Casey in Naugatuck writes:
I am recently divorced but have fallen in love with a wonderful man that has quite a bit of baggage. I feel that once the challenges before us have calmed down we will marry and grow old together. My dilemma is the challenges of the financial burden I have taken on since he has moved in.
Namely being able to meet my bills on time and he has not been able to meet his own. I know in my heart he has the potential, I can feel it but given his current circumstances and economy he just can’t help me out. It does leave me feeling unsupported and very insecure in myself. I have taken on a part time job to help myself, but it depresses me that I even had to take that route. I guess I need to know what other alternatives should I look into? Should I sell my home next year or stay put?
Since both you and your man are financially struggling, you have to prepare for the stresses this will introduce into the relationship. It’s coming. Do your best not to let it overwhelm the good things about the relationship you share. Money problems can break a relationship, especially when the relationship isn’t being treated as an equal-effort partnership.
The two of you really need to sit down and lay all of the financial mess out on the table. He has his debts, you have yours, and then there are shared obligations. Currently, there isn’t enough income flowing into your home to meet all of these expenses, but that doesn’t mean that both of you have to swirl down the financial toilet. You seem to have taken on more responsibility of the financial burden than is your right. That most certainly needs to be addressed.

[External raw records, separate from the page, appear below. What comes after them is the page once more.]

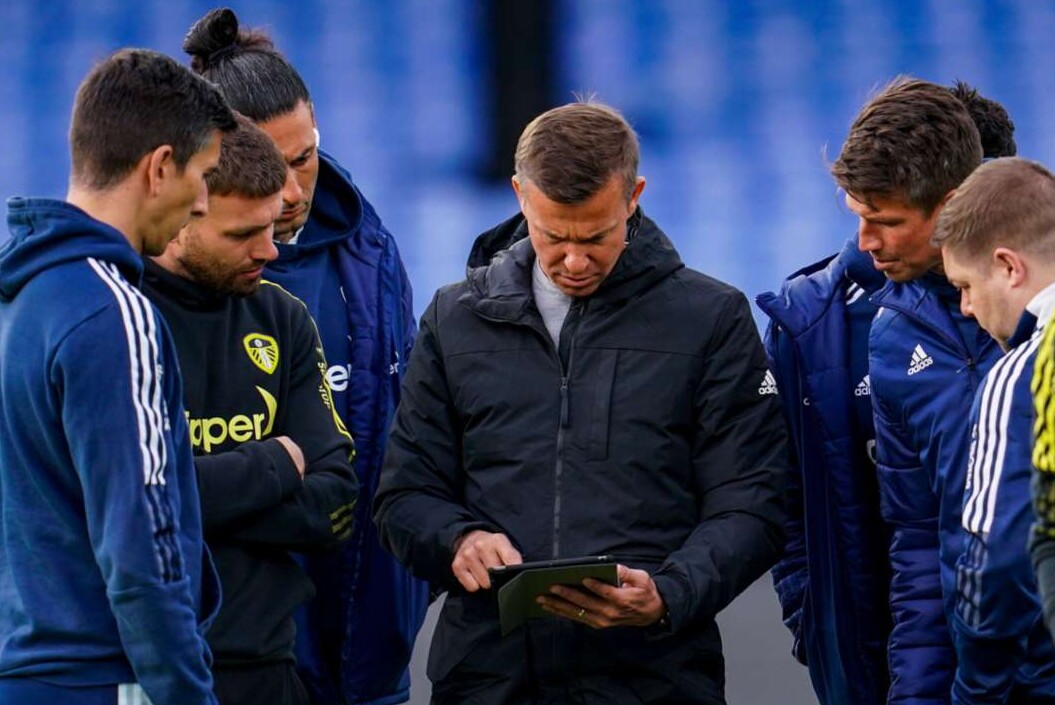 Jesse Marsch und sein Team werten vor dem Match gegen Crystal Palace Daten an einem Tablet aus, 25 April 2022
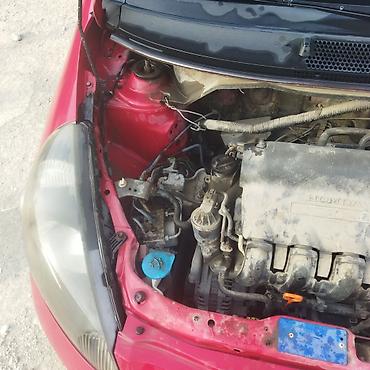 Honda: Honda Jazz: 2005 г., 1.4 л, Механика, Бензин, Хэтчбэк — 2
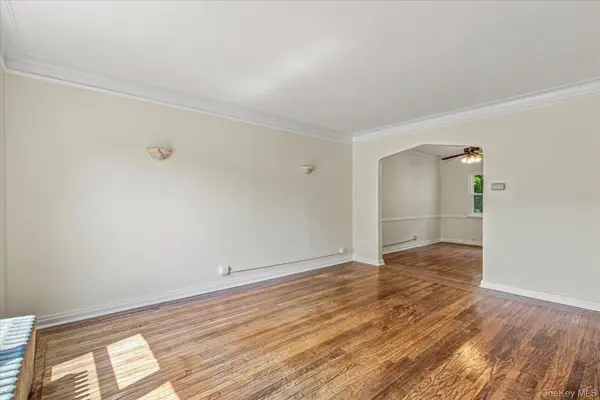 2046 26th ST, Astoria, NY 11105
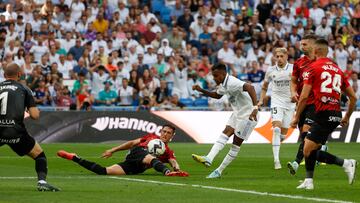 MADRID, 11/09/2022.- El delantero brasileño del Real Madrid, Rodrygo (c) marca el 3-1 ante el RCD Mallorca durante el partido correspondiente a la jornada 5 de LaLiga disputado ante el RCD Mallorca, este domingo en el estadio Santiago Bernabéu. EFE/ Juanjo Martín
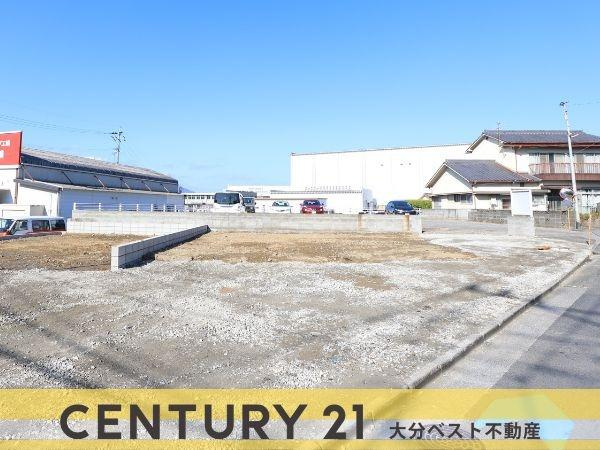 大字鴛野1期2号棟の前面道路含む現地写真|前面道路含む現地(2025年12月撮影)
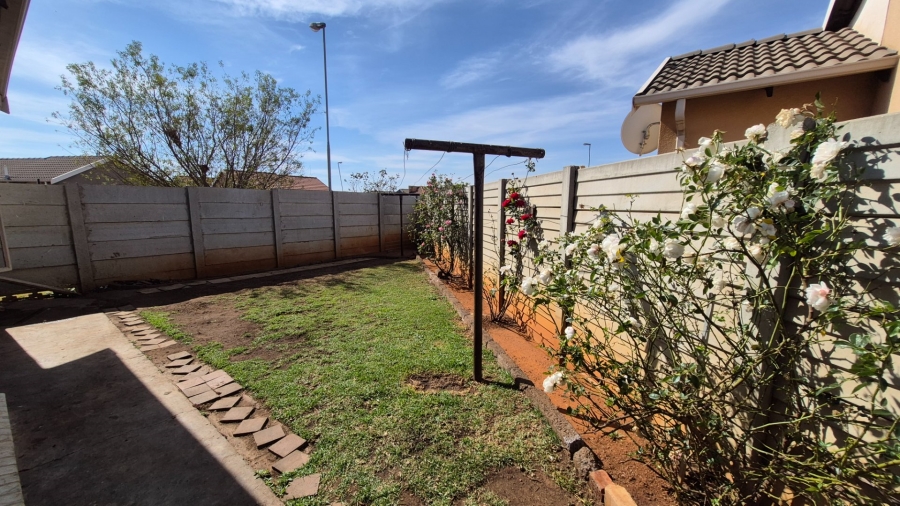 2 Bedroom Property for Sale in Sky City Gauteng
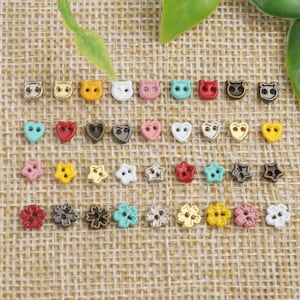 20 Stück Mini-Metall-Puppen-Kleidungsschnallen, kleine Nähknöpfe, DIY-Puppen-Outfit-Zubehör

You have taken on additional work to try and help yourself out, and if you properly allocate the money you are earning, you will. Even though it is a depressing situation, you have to do what you need to do in order to financially survive. With or without him, you have bills and expenses that need to be paid. You aren’t married to this man yet, so the categories of debts should very clearly be labeled, “Yours”, “Mine” and “Ours.” Money isn’t the relationship, but it sure as heck can negatively impact the relationship. Look out for yourself first, and help him out when and where you can.
As for your man, all the potential in the world isn’t going to pay the bills. He needs to look at any and every work opportunity that he can find, even if it means looking at things that are “beneath” him. During these troubled times, any job that pays is better than no job. From what I can tell, he needs to bite the bullet and work two jobs for awhile, instead of sitting back waiting for you to come up with the answer to this financial mess.
Selling your house is an option, but I strongly want to advise you against it. It isn’t the answer. Sure, it can alleviate both of your current financial struggles, but once that money is gone, what will you have left? Keep your home, and chip away at your bills. Be as supportive as you can with your man, but understand that you aren’t his financial bailout plan.